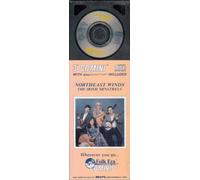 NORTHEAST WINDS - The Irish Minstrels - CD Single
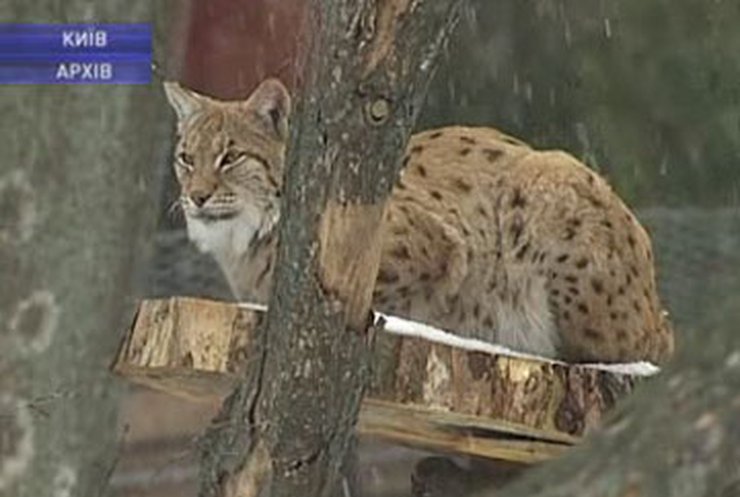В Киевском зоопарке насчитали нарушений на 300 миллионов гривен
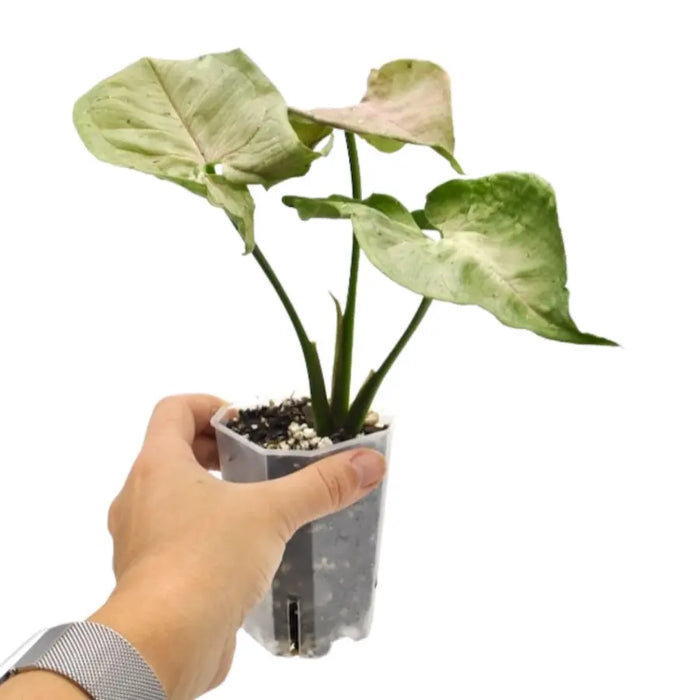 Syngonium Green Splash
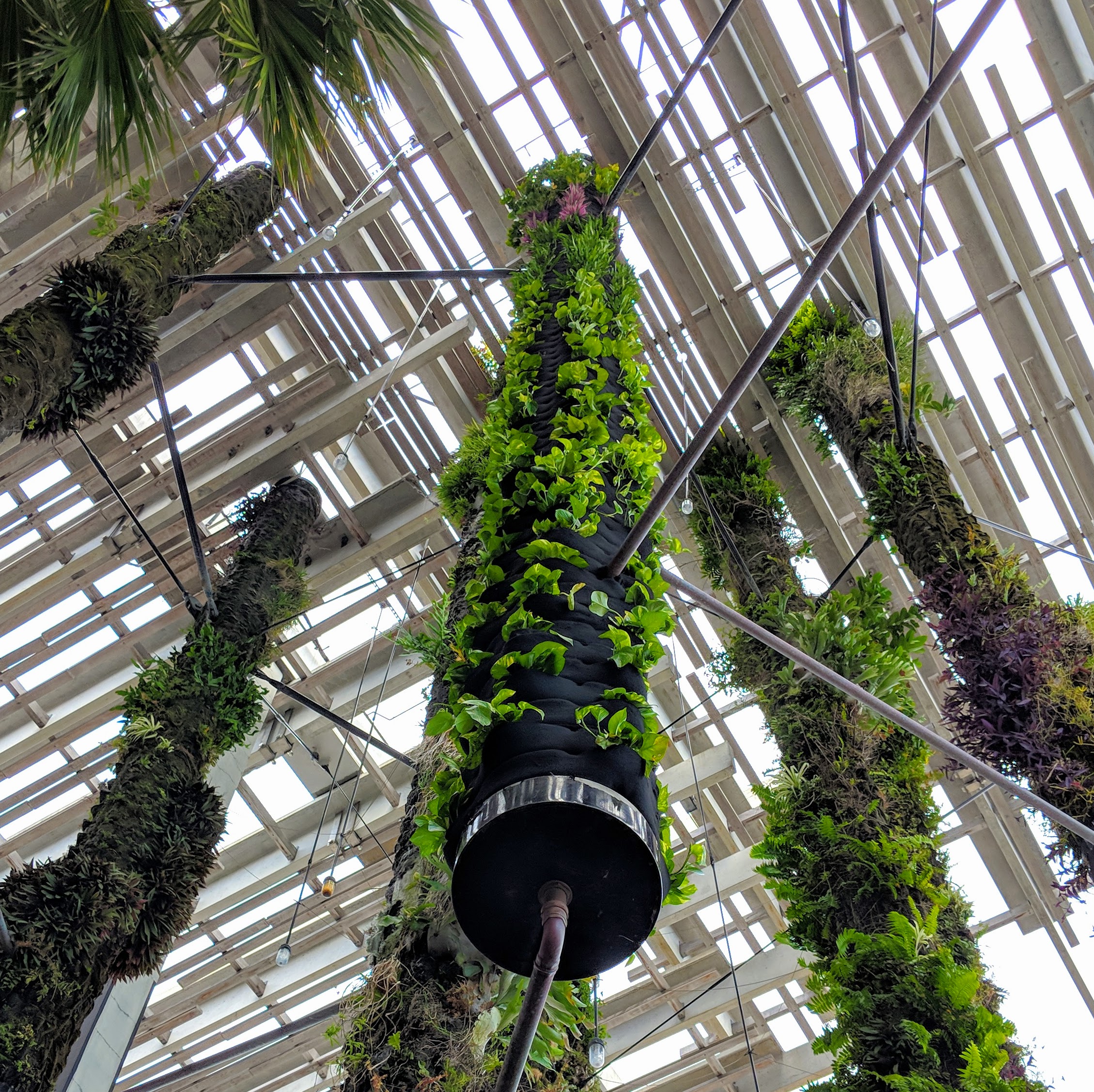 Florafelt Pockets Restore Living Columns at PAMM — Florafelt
____
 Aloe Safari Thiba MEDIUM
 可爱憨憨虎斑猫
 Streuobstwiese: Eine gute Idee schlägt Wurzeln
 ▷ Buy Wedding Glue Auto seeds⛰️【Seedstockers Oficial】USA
____
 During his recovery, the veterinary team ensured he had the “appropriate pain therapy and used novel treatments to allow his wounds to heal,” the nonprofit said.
____
**EXERCISE DIRECTIONS:**
Please output the lines above beginning at the line with "NORTHEAST WINDS - The" and ending after the line with "Florafelt Pockets Restore", precisely as written and with no pictures.

**RESPONSE TO THIS EXERCISE:**
 NORTHEAST WINDS - The Irish Minstrels - CD Single
В Киевском зоопарке насчитали нарушений на 300 миллионов гривен
 Syngonium Green Splash
 Florafelt Pockets Restore Living Columns at PAMM — Florafelt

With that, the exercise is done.